Sul Corriere della Sera la foto di 48 iraniani commossi fino alle lacrime dopo la liberazione, in Siria, da parte dei ribelli. Per il Corriere è “il grande scambio di Damasco”, un baratto che sintetizza “attori e snodi della crisi siriana”. Il regime di Assad ha liberatoo 2130 prigionieri per ottenere il rilacio di 48 iraniani da parte dei ribelli. La complessa partita è iniziata ad agosto, quando gli insorti hanno intercettato alcuni bus con a bordo i 48 iraniani: loro dichiarano di essere dei pellegrini sciiti, e per mesi la stessa cosa ripete Teheran. In realtà la comitiva è composta da ufficiali dei pasdaran, e da elementi della divisione Qods, l’apparato clandestino incaricato di missioni speciali. Il gruppo fa parte di un contingente inviato dall’Iran per assistere gli alleati siriani nella repressione. A mediare per la liberazione sono stati Turchia e Qatar, due tra i principali sostenitori della opposizione ad Assad. Tra i 2130 detenuti “politici” liberati ci sarebbero anche turchi e palestinesi, attivisti, militanti, donne, adolescenti. Ovviamente un ruolo di primo piano l’ha avuto l’Iran nella trattativa: “L’essenza della storia è che Assad è ancora al potere, e non vuole cedere, ma se ènecessario trovare soluzioni bisogna chiedere alle potenze regionali. Turchia e Qatar da un lato, Iran dall’altro. E probabilmente una via da esplorare è quella iraniana. Teheran può forse convincere il dittatore a trovare una intesa.

L’Unità si occupa delle prossime elezioni in Germania. A partire da quelle in bassa Sassonia, previste per il 20 di gennaio: “Liberali a picco, Merkel verso la grande coalizione”. Nei sondaggi la Fdp sarebbe al 2 per cento, mentre la Cancelliera vola, senza più liberali, alle elezioni per il rinnovo del Bundestag, a settembre, uscirà o perdente o costretta ad allearsi con i socialdemocratici, se non con i Verdi. Per L’Unità è una occasione per riflettere sulle ripercussioni per la sinistra europea: si riuscirà ad elaborare una contro-agenda per la crescita, visto che il socialista Hollande è in difficoltà in Francia e da noi la campagna elettorale “è partita pro o contro una agenda Monti”.

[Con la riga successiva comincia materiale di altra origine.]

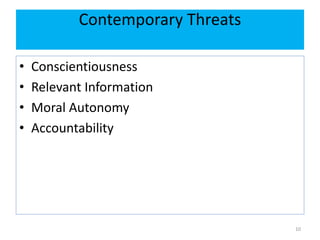 Contemporary Threats
• Conscientiousness
• Relevant Information
• Moral Autonomy
• Accountability
10
 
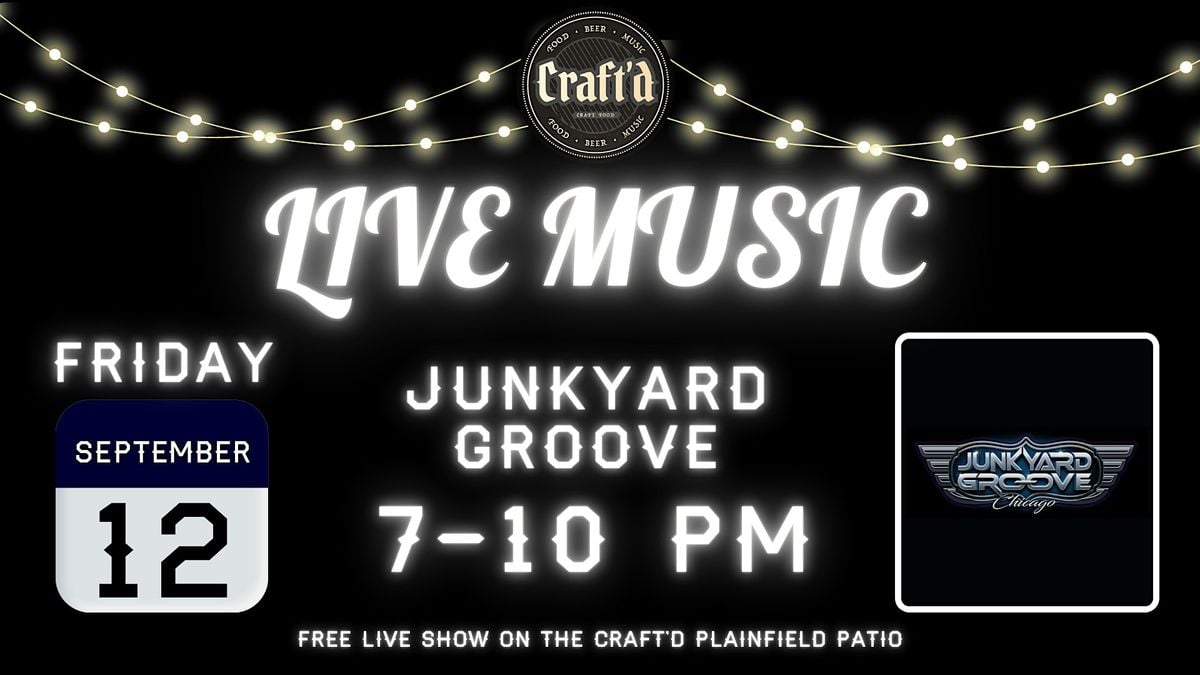 Craft'd Plainfield Live Music on the Patio - Junkyard Groove - 9/12, 12 September | Event in Plainfield | AllEvents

Il Corriere della Sera si interroga sulle possibilità che ha il candidato socialdemocratico alla Cancelleria Steinbruck sia quello giusto per sconfiggere la Merkel. A porsi questo interrogativo è stato il quotidiano Handelsblatt. Steinbruck è stato scelto per la sua competenza economica e politica acquisita come ministro delle finanze nella Grosse Koalition ai tempi della crisi, e soltanto un mese fa il congresso del suo partito aveva votato al 93 per cento per la sua candidatura. Ma il settimanale Stern ha scritto che, secondo nuovi sondaggi, solo il 22 per cento degli elettori voterebbe per lui (4 in meno rispetto a dicembre) mentre il 58 per cento preferirebbe la Cancelliera (che ha guadagnato il 7 per cento nei sondaggi).

Si citano poi le gaffes commesse da Strinbruck: onorari elevati per i suoi discorsi, critiche allo stipendio che considera “troppo basso” (circa 300 mila euro) della Cancelliera, e lobbying presso la Thyssenkrupp.

Il Corriere della Sera si occupa invece delle elezioni parlamentari israeliane previste il 22 gennaio, e lo fa intervistando il leader dell’ultradestra Naftali Bennet. “Il milionario israeliano che vuole annettere la Cisgiordania. E insidia Netanyahu”. Idolo dei coloni, ha portato il suo partito a una spettacolare ascesa: diventerebbe la terza formazione del Paese. Dice: “Stabilire uno Stato palestinese nella terra di Israele porterebbe ad una guerra eterna”. Il suo piano è annettere il 60 per cento della Cisgiordania, offrendo ai 50 mila palestinesi che vi risiedono la scelta tra la cittadinanza e andarsene.